London:- Opener Rohit Sharma’s maiden overseas century and his important partnerships with Cheteshwar Pujara and K.L. Rahul helped India wrest initiative and move into driver’s seat on the third day of the fourth Test against England at The Oval on Saturday.
Sharma, who had scored seven Test centuries before and all of which came in India, added 83 for the first wicket with Rahul (46) and 153 with Pujara (61) to take India into a position from where they can hope to take 2-1 lead in the series which is level at 1-1.
When bad light stopped play, India skipper Virat Kohli was unbeaten on 22 and Ravindra Jadeja was not out on nine. The two have added 33 runs so far for the fourth wicket.
India are 171 runs ahead and have seven wickets in hand. There are two more days to play.
Brief scores (Stumps, Day 3): India 191 and 270/3 in 92 overs (Rohit Sharma 127, Cheteshwar Pujara 61, Ollie Robinson 2/67, James Anderson 1/49) vs England 290.
Pujara, Sharma curb natural instincts to drive India ahead
India opener Rohit Sharma and No. 3 batsman Cheteshwar Pujara tweaked their respective batting styles and curbed natural instincts to drive India into a position of strength.
Thanks to Sharma’s gritty and circumspect eighth Test century — his first overseas — and Pujara’s uncharacteristic attacking display at the start, India had already taken a 100-run lead by tea on the third day to overturn a 99-run first innings deficit and move into a place from where they can dictate terms to the tiring England side.
By tea, the two had put on an unbeaten 116-run partnership for the second wicket.
Pujara had come in after the fall of K.L. Rahul’s wicket in the first session with the score of 83 and raced to 14 off 21 deliveries before lunch to take India past the deficit.

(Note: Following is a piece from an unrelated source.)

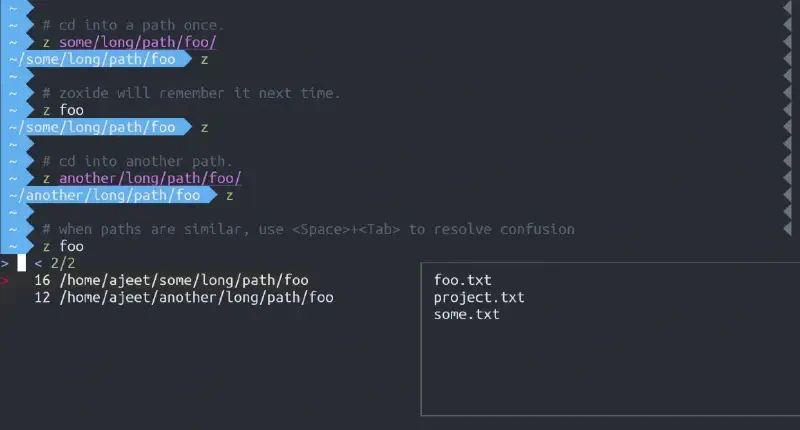 Featured image of post zoxide 使用感受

He hit fours Ollie Robinson and Craig Overton — on a full and a short delivery — as bowlers found it difficult to find assistance from the pitch.
A twisted ankle didn’t deter him from going after the bowling as hit Overton for two fours off two deliveries. Then he followed it up with an upper cut boundary off Woakes.
Pujara applied ‘attack is the best form of defence’ strategy and took off pressure from Sharma who had batted with grit and survived a few dropped catches on way to his half-century.
Sharma on the other hand reached his half-century in 145 deliveries. But then, with Pujara around, he shifted gears and reached his hundred off the 204th ball he faced, with a six off Moeen Ali.